NEAR CROOKSTON, Minn. — Being a farm girl, there’s almost nothing I enjoy more than going for a drive in the country. Recently I ventured out to a lovely spot near Crookston to which I had never been before.
The beauty and anticipated forthcoming bounty of the fields along the way nearly took my breath away. Then it was for sure gone when I gazed upon Ronny Jaeck Reitmeier’s high tunnel tomatoes.
A party began late that afternoon on the very farmstead Ronny’s great-great grandfather purchased in 1919 for Ronny’s great grandfather and his new family. Ronny, the adopted son of John Reitmeier, is the fifth generation caretaker of this land. He says absolutely everything done there is with sustainability as the No. 1 goal.
John Reitmeier threw the party for two reasons: To celebrate his son Ronny’s graduation from the University of Minnesota, Crookston, with a degree in agronomy, and so that all extended members of the Reitmeier family could meet Michael and Debby Terry who were visiting from Charles Town, W. Va.
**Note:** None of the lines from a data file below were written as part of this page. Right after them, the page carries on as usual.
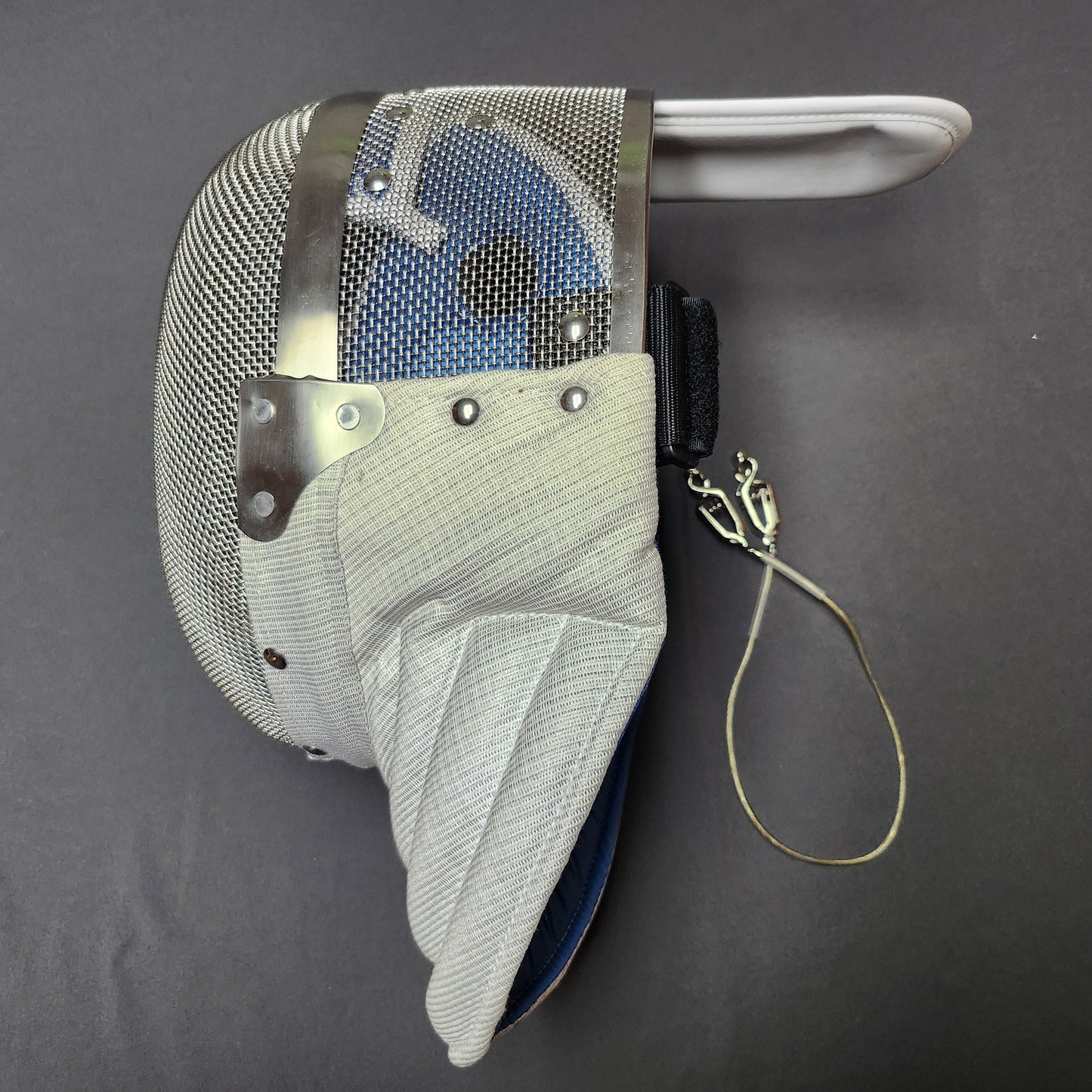 Stainless Steel Sabre Fencing Mask
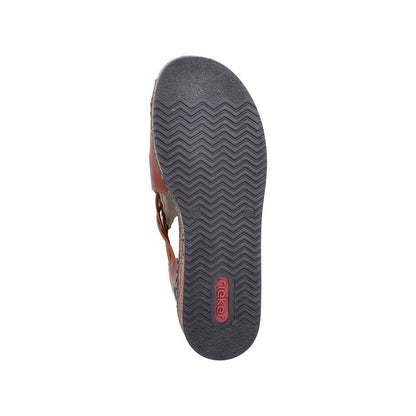 Rieker - 62962-22- BROWN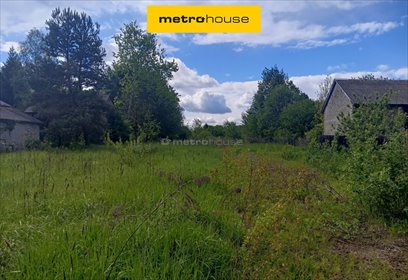 działka na sprzedaż 1950m2 działka Turza, 1 maja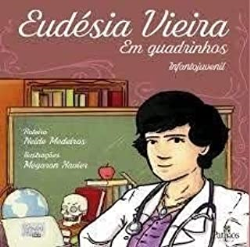 Eudesia Vieira Em Quadrinhos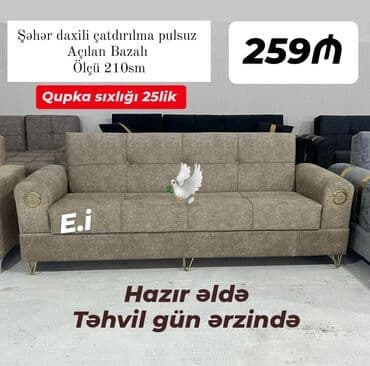 Divan, Yeni, Açılan, Bazalı, Şəhərdaxili pulsuz çatdırılma lalafo.az -da Divan, Yeni, Açılan, Bazalı, Şəhərdaxili pulsuz çatdırılma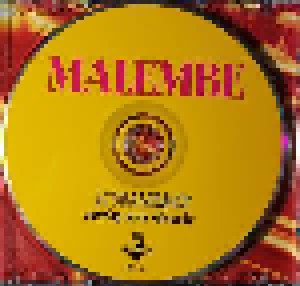 ¡Cubanismo!: Malembe (CD) - Bild 3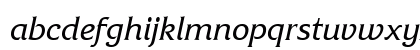 Friz Quadrata Com Italic Preview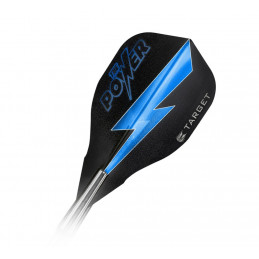 TARGET Flight-Set Edge Polyester Clear Vision Power-100 extra strong Phil Taylor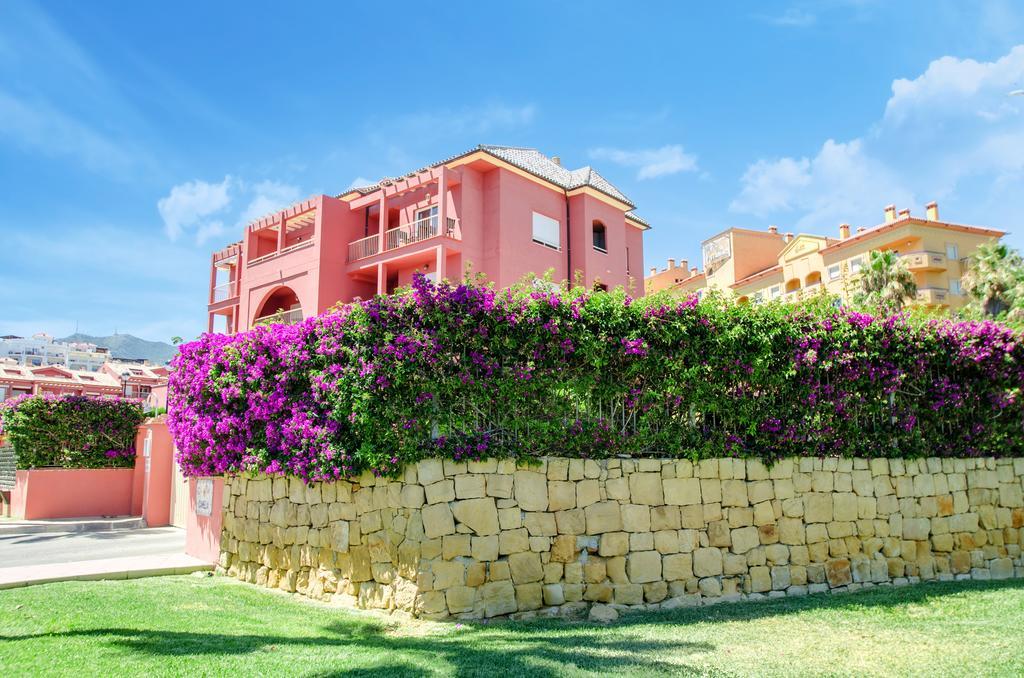 Gorgeous 170 Sq.M. Penthouse With Sea View Terraces Appartement Benalmádena Buitenkant foto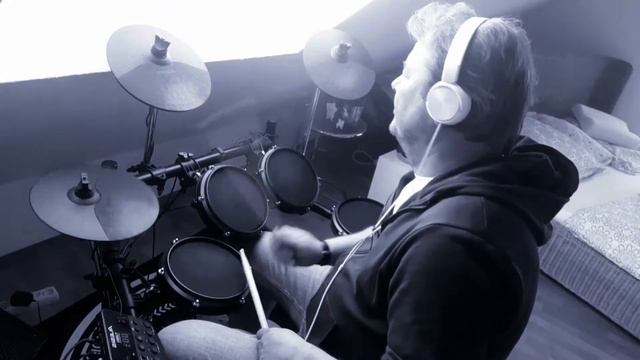 Drum cover Umberto tozzi ( Gloria) смотреть онлайн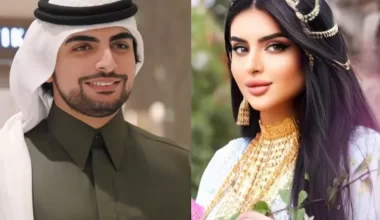 "Ты занят другими": дочь эмира Дубая сообщила мужу о разводе через соцсети
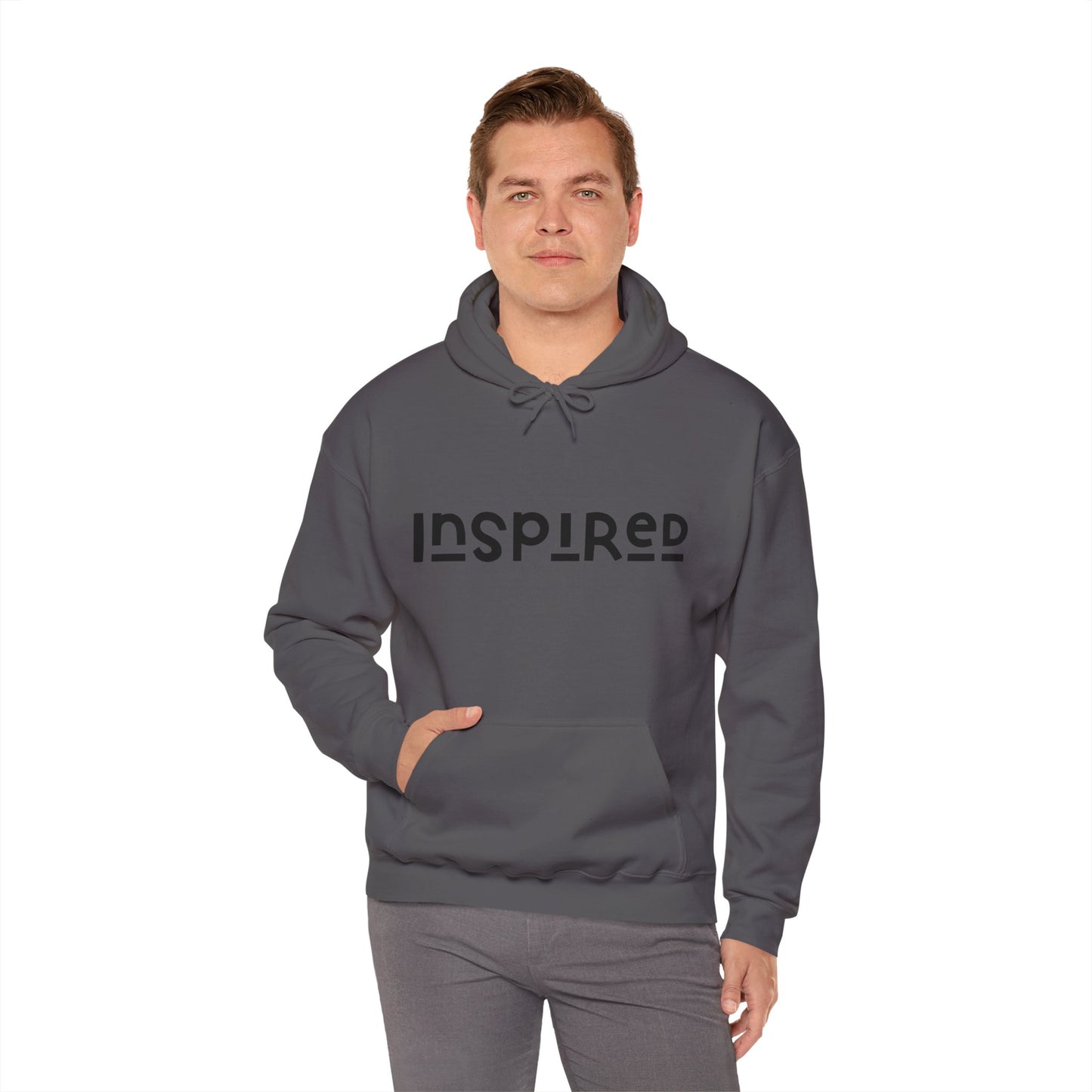 Inspired Hooded Sweatshirt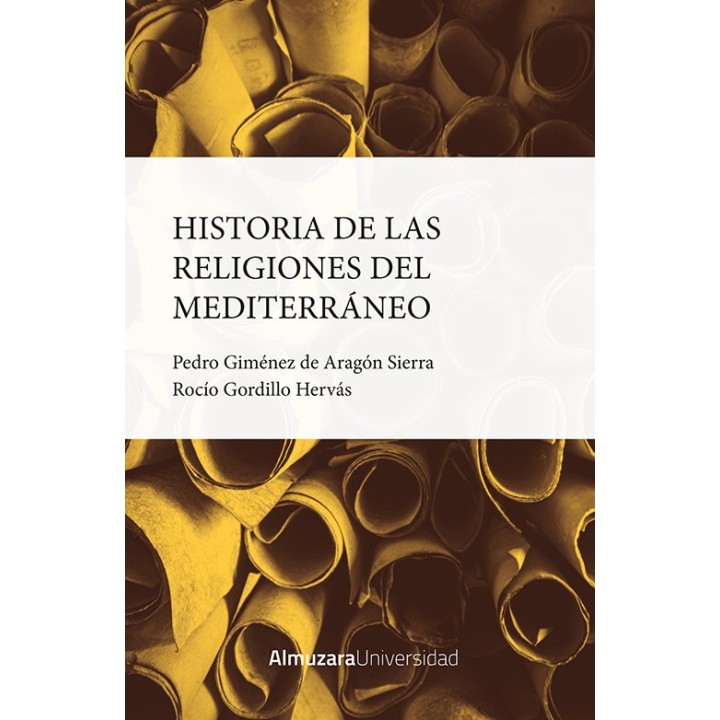HISTORIA DE LAS RELIGIONES DEL MEDITERRANEO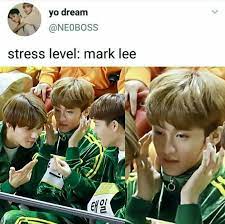 Collection by alena bašová • last updated 12 days ago. K Pop Memes Pt 1 Mark Lee Wattpad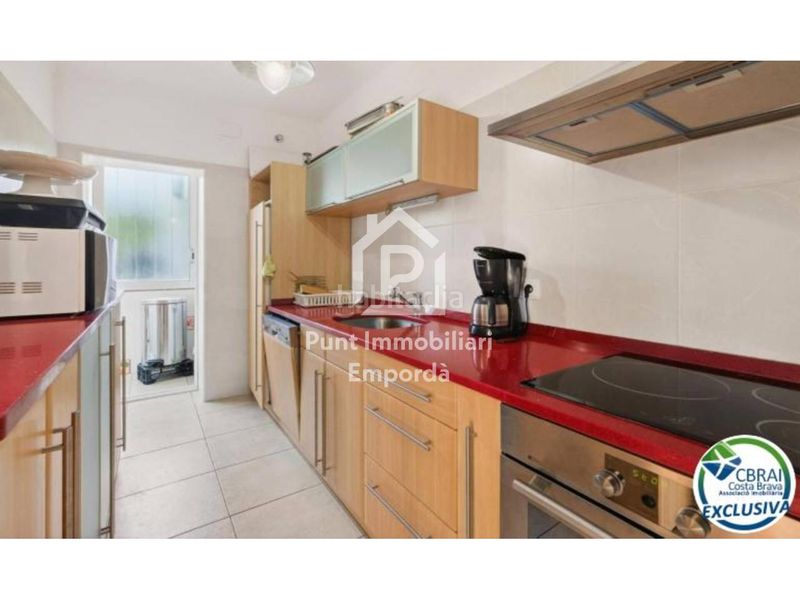 Foto 5b9600b9-a319-44e9-aaac-b53dfea163f2. Apartament amb calefacció aparcament a Nord Roses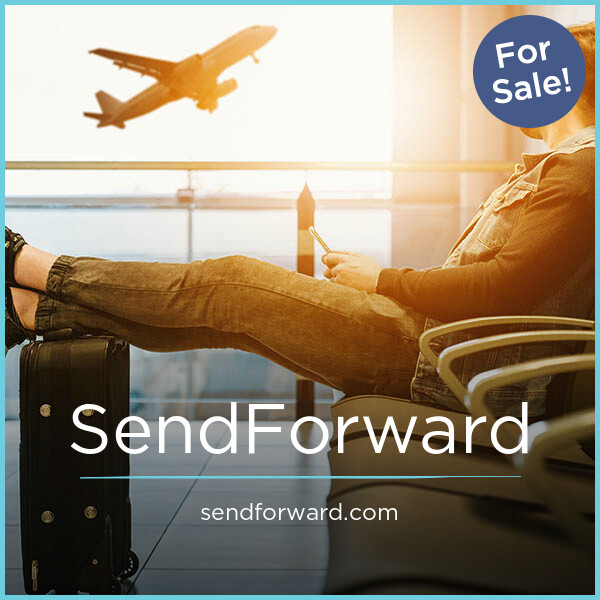 SendForward.com - Creative premium domain names for sale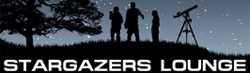 Link to Stargazers Louunge forum website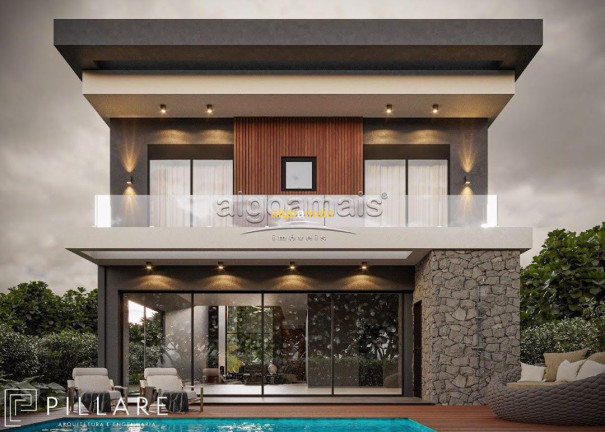 Imagem Casa com 4 Quartos à Venda, 235 m² em Condomínio Amare Home Resort - Xangri-lá Imagem Casa com 4 Quartos à Venda, 235 m² em Condomínio Amare Home Resort - Xangri-lá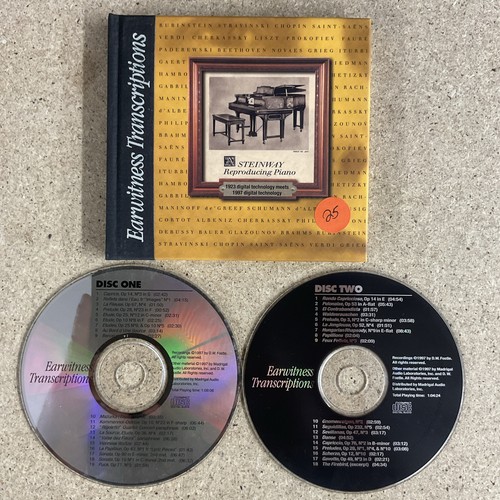 Earwitness transcriptions past - earwitness,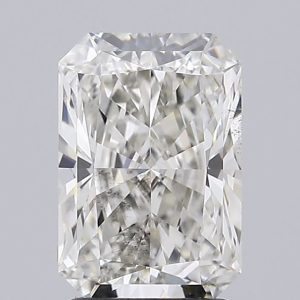 1.98 Carat Radiant Cut Lab Diamond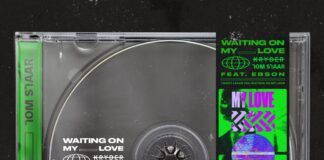 Kryder y Tom Staar se reconcilian con ‘Waiting On My Love’ Kryder Tom Staar Waiting On My Love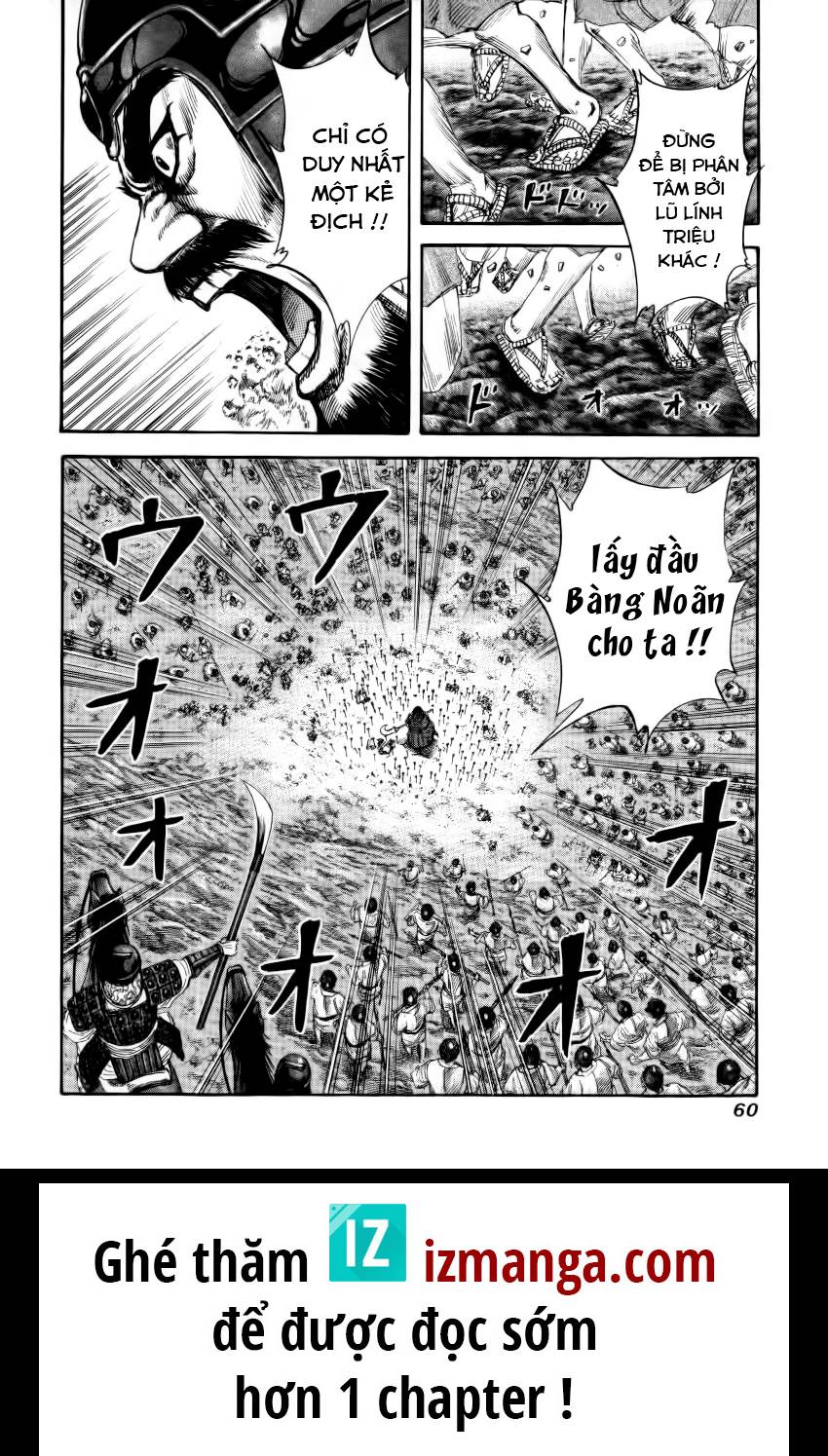 Vương Giả Thiên Hạ Chap 143 - Next Chap 144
It may all sound somewhat complicated, but it really isn’t. First of all you should know that adoption is in John Reitmeier’s blood. He and his sister, Jane Reitmeier, were adopted by Willard and Grace Reitmeier now both deceased.
Two years ago I was blessed to be able to help John find his biological roots. We learned his biological mother, Virginia Terry, died in 2001, but that he had a brother (Michael Terry), a sister-in-law (Debby Terry) and two beautiful nieces, Megan and Meredith. In fact, I traveled to Charles Town in April of 2012 to be with John and his sister Jane when they met Michael and Debby for the first time.
Now, Michael and Debby were in Minnesota and with Ronny’s graduation it was time to rejoice with good food, beverages and celebration cake on the patio.
Seated from left: Michael Terry and John Reitmeier. Standing left: Debby Terry and John’s sister Jane Reitmeier
As an organic farmer, Ronny is in his glory. And, does he ever have a story to tell.
From Berlin, Germany, Ronny was orphaned as a young child. “I grew up very very poor,” he said. After their parents died, he lived with an older sister. Some years later, John heard about him from a former foreign exchange student. After learning that help was needed on the Reitmeier farm, “God decided it should be me,” Ronny said. “There are no random acts. I had to be brave, too, and I feel so blessed. I never realized my life could turn this way after being orphaned at 11.“
Ronny thoroughly enjoyed showing guests his organic gardens where he is growing carrots, squash, potatoes and corn. He has a high tunnel hot house chock full of tomato plants and is selling his produce to Whitey’s restaurant, East Grand Forks, Sanders 1907 restaurant, Grand Forks, and at area farmers markets.
Check out Ronny’s website at: www.ronny’sfarmtotable.com
It surely was nice being out at the Reitmeier farm and meeting members of John and Jane’s family on both their mothers’ and their fathers’ sides of the family.
I loved seeing Michael and Debby again, too, and I came away totally impressed by Ronny.